EXERCISE DIRECTIONS =>
Retype each line of the material below word for word; pictures stay out.

INFORMATION SUPPLIED =>
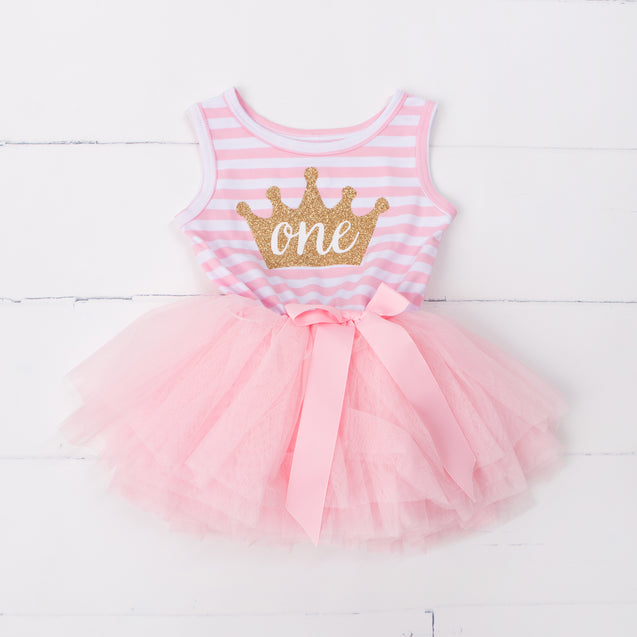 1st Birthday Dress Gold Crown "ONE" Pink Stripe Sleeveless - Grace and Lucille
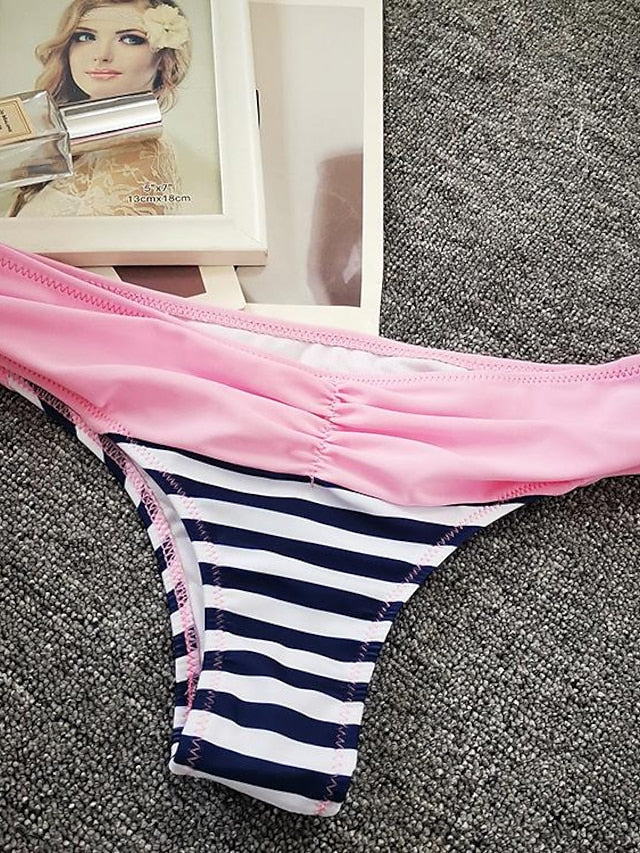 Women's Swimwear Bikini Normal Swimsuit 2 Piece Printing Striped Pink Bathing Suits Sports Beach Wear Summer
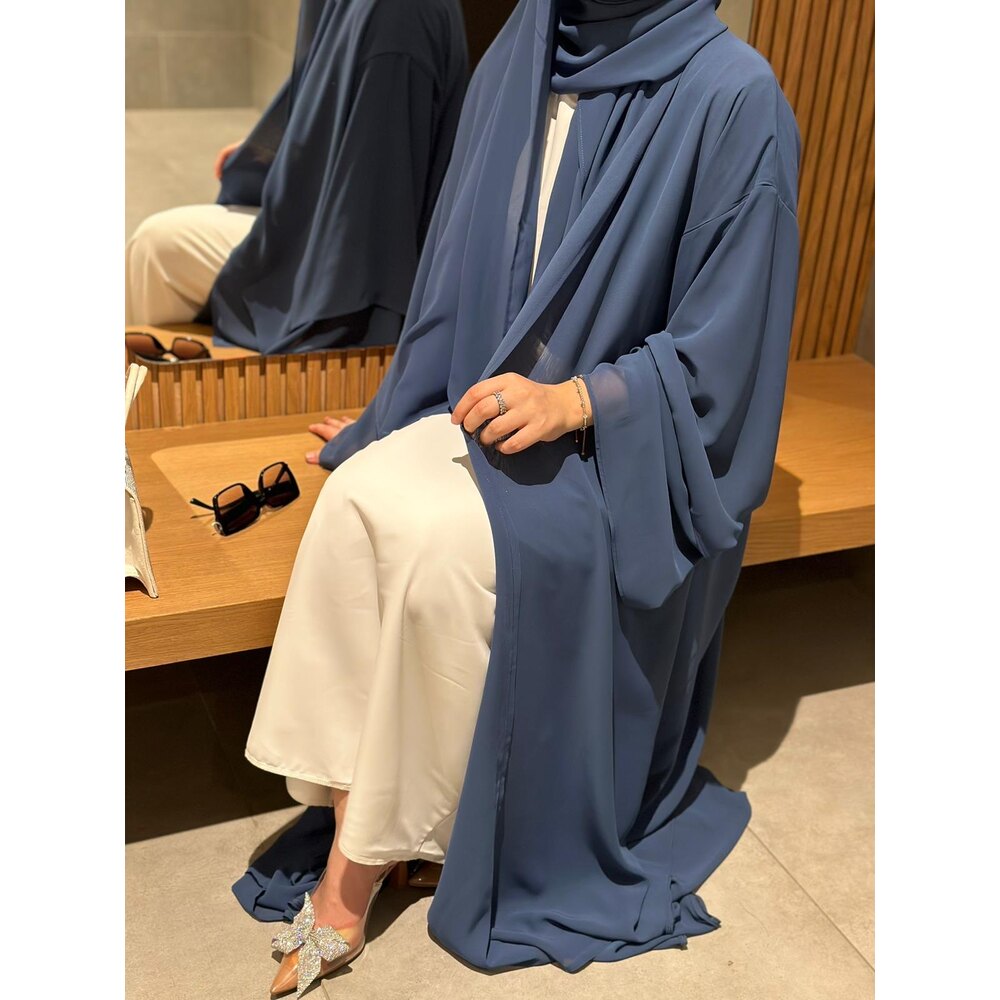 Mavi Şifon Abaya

RESPONSE TO THIS EXERCISE =>
 1st Birthday Dress Gold Crown "ONE" Pink Stripe Sleeveless - Grace and Lucille
 Women's Swimwear Bikini Normal Swimsuit 2 Piece Printing Striped Pink Bathing Suits Sports Beach Wear Summer
 Mavi Şifon Abaya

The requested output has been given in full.